Monday, March 26, 2012

3 Ends of the Universe

THE THREE ENDS OF THE UNIVERSE
If one is looking for the end of the universe, does a telescope peer back to the beginning?
Yes. However, in periods of time and no time, one Universe had to end so that another could begin. So are we truly looking at the beginning and the end of transition - if we look back far enough to the future, we will see the beginning or the end of time.

Of course it's just semantics. If you were to hold a rope out straight and parallel and wanted to describe the two ends, you might refer to the left and right ends of the rope. The rope has two ends because the rope has two sides that each "end" or terminate.


However, the end can constitute stoppage of object, when a motor is switched off, a set sun, a particular condition, program, even time. It can therefore refer to a place or position or dimension or time line or condition which has three sides, as an example, where the Universe exists, or where the Universe never existed, either before it was born or a time after it was born where it has boundary of extinction.


So there are at least three ends to the Universe, the left end at a focal point before the birth of time, the right end at a focal point after the cessation of time, and the middle at which the Universe continues existence of time (any transitional element can become an end).
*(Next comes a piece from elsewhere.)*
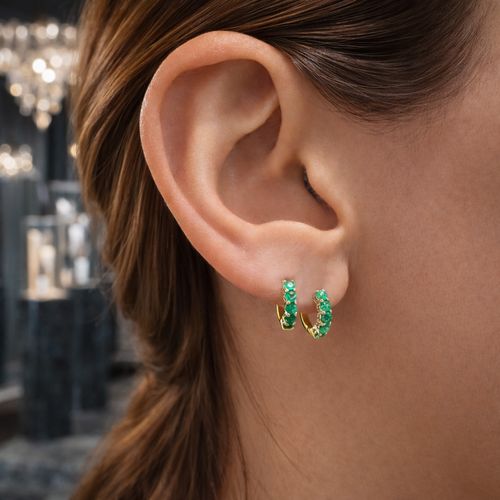 Brinco argola esmeraldas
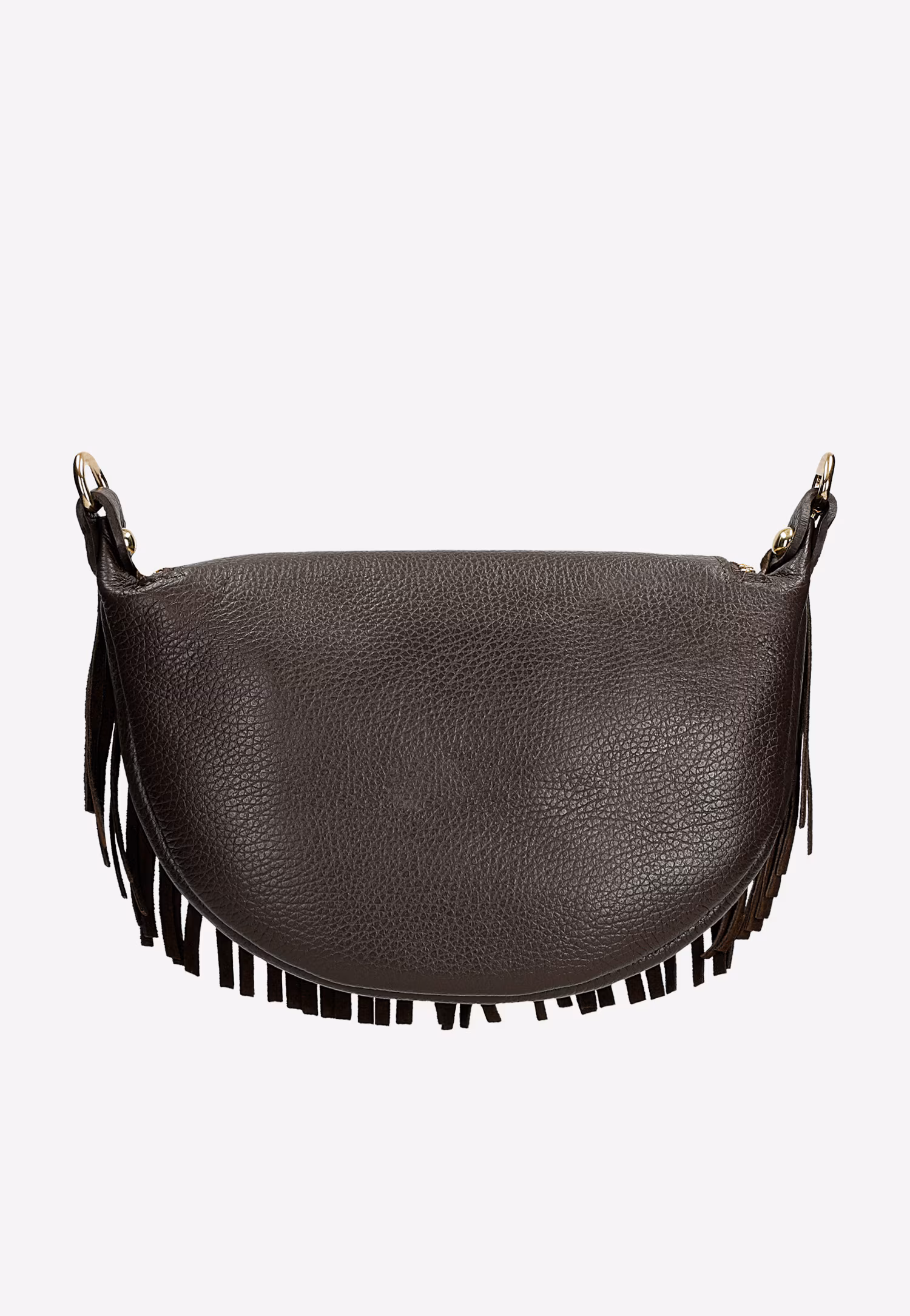 Brązowa nerka damska z frędzlami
From time to time, the word edge is interchanged with the word end in describing a boundary. A boundary can be a transition, i.e. from something to nothing or nothing to something. This may not be a hard physical edge but rather one constituted by elements of time, empty space, froth, gravity, dimension, warp, lensing, bubble, light, dark, irradiated exposure, elementary particle dynamics, Heisenberg Uncertainly Principle, dark matter, quantum effects, time travel, calculus period of Lorenz Contraction, or even physics not yet invented.